Finishing the objects, for me, is a hobby. I love working with my hands. I’ve had some furniture in my shop so I’ve gotten to do some woodworking and learn more about that. I’ve been working in the digital world for so long, typing, clicking a mouse, so this is actually really relaxing to me.
I have wondered, though, if I get slammed by orders on a Saturday and I have plans, but I also have to fulfill orders…Will I be as interested in sanding and finishing? Maybe not. There’s the psychological principle that when you get paid to do something you enjoy, it decreases the value of it.
“I don’t have time to become an expert in 3D printer maintenance. It’s best if I can just submit my file and focus on other aspects of the business.”
Was there a big learning curve going from doing mostly 2D design in your day job and then jumping to 3D?
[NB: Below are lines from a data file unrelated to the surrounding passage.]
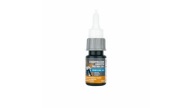 TECMAXX 14-035 závitový uzáver stredný 10ml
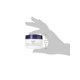 thumbnail image 2 of Crema Regeneradora BEIERSDORF Eucerin 5% Urea Con Carnitina, 2 of 5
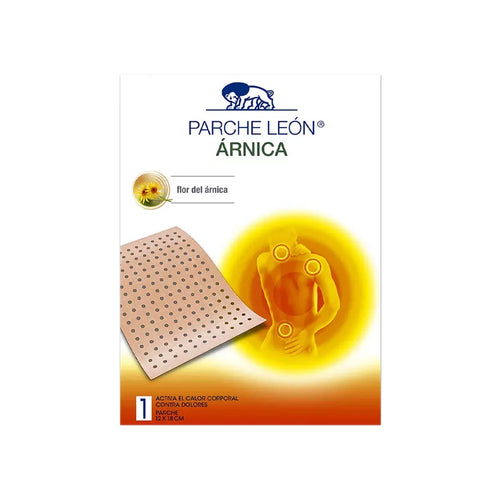 farmacia_andalue_concepcion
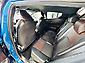 2017 Toyota C-hr G GRADE LIMITED | LEATHER PACKAGE | CRUISE | FOG's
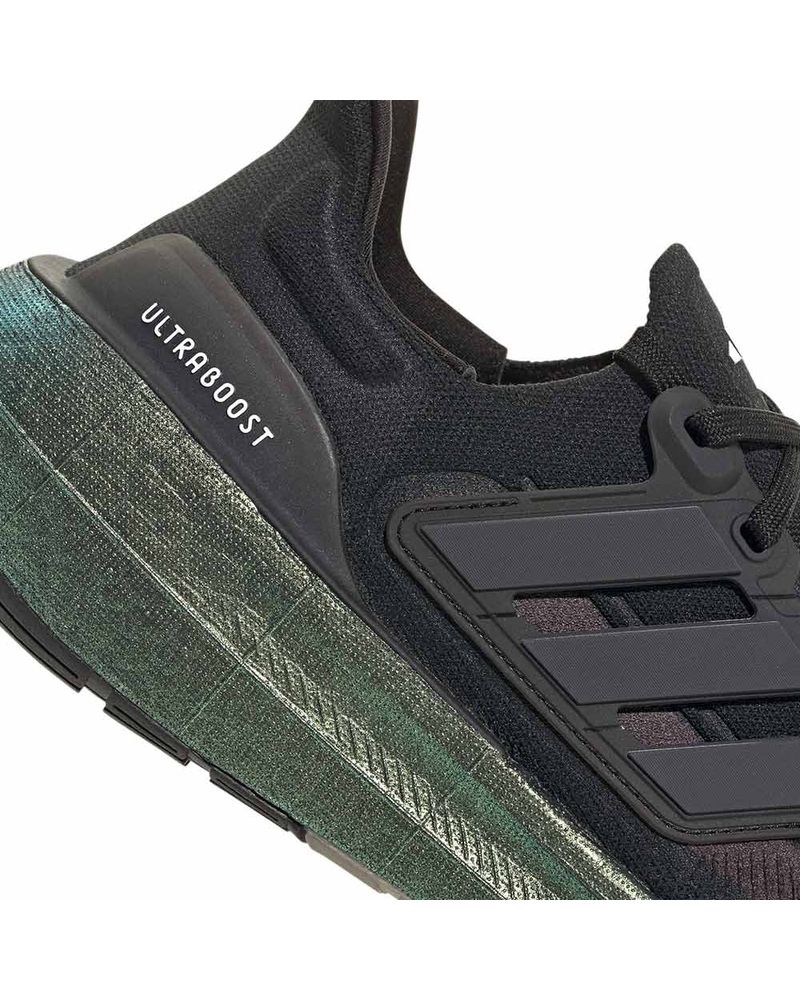 Tenis-adidas-Ultraboost-Light-Masculino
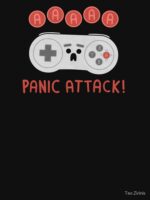 Special Move Unisex T-Shirt - Image 7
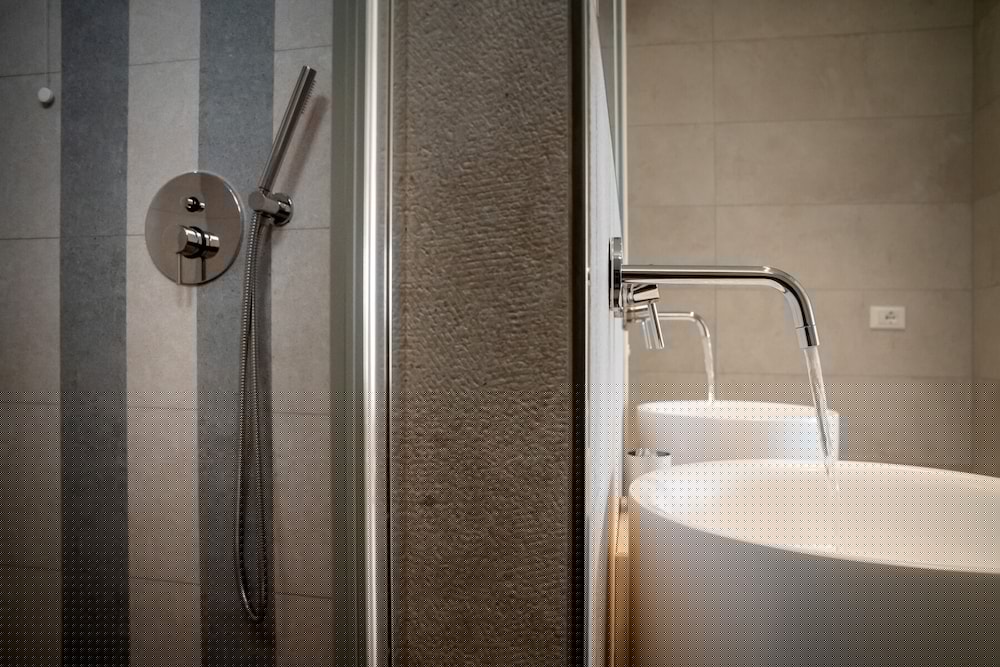 Albergo Stellamare 12/65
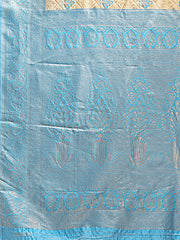 AURA SILK VOL 4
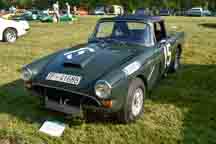 2021/thumbnails/Car118.jpg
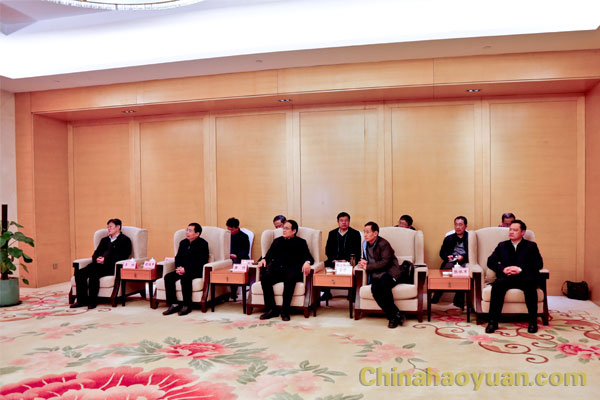 恒行6-品质新履历,专选恒行6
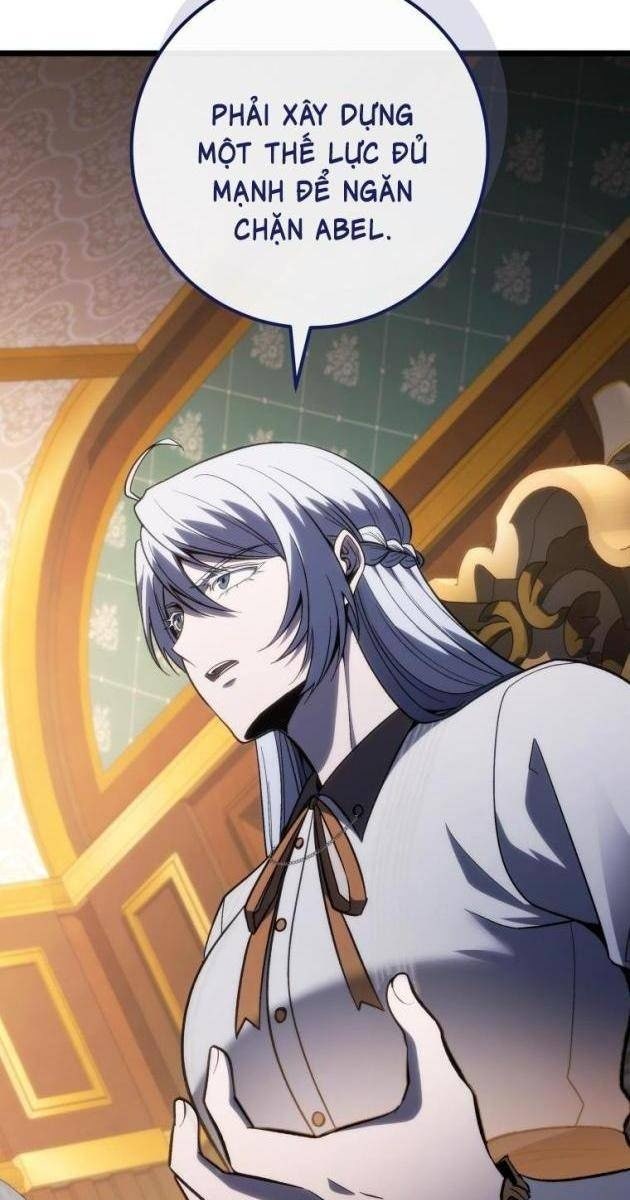 Sát Long Nhân Hồi Quy Siêu Việt - Page 75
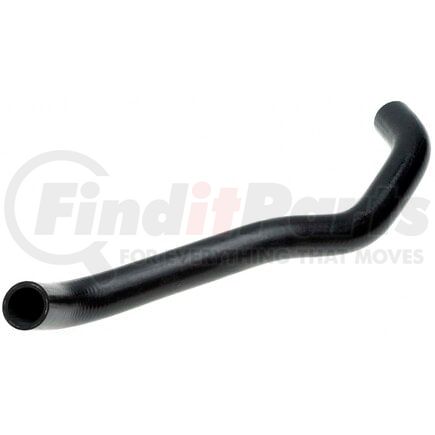 ACDelco 24638L Radiator Coolant Hose
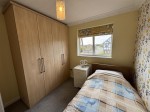 Images for Laundon Close, Groby, Leicester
Yeah, it’s a whole new design language. I’ve created sculptures before, and I’ve been making art since I was young, but 3D design has always been intimidating to me. The software is so complex. You look at the interface alone and it’s like, “Geez, I’m gonna have to take a class or something.” But working with a designer so closely on such a price object forced me to expand my 3D vocabulary. It gave me the confidence to understand that this is feasible. It’s really exciting to feel like I developed a new skill set, a new language. I can create reproducible objects now. I couldn’t do that a year ago.
Now I see something like a phone case and I can imagine building it. I could probably find a simple file and mess around enough in TinkerCad or Rhino to modify it. It’s like a new muscle, where I see opportunities for new objects, or to solve problems. It’s pretty fun.
What is your favorite part of outsourcing 3D printing to Voodoo?
As a graphic designer, I’m allergic to printers. Weird, right? There’s always something that goes wrong with home printers, office printers have crazy service contracts… and I know 3D printers have their quirks, too. Since this is a hobby in addition to a fulltime job, I don’t have time to become an expert in 3D printer maintenance. It’s best if I can just submit my file and focus on other aspects of the business.
Plus the turnaround is so fast, it’s pretty incredible. You can turn something around in a day or two. Also the pricing. I’m not sure if there’s any lower pricing for something local.
Is there anything new for Leon’s Electric Trout coming out soon?
I’m working on a smaller version of the Dokku. It still solves some of the similar problems, but is equally fun. I’d like to develop a line; I’m imagining some sort of collection of objects that seem like they come from a different dimension or another planet.
David’s creative process makes great use of the flexibility of 3D printing: you can design something as unique as the Dokku, go through several rounds of development, and end up with a high-quality finished product, all in a short period of time with minimal startup costs. By outsourcing 3D printing to Voodoo Manufacturing, David is able to scale up and monetize his hobby, while focusing on what makes him tick: designing and finishing his products.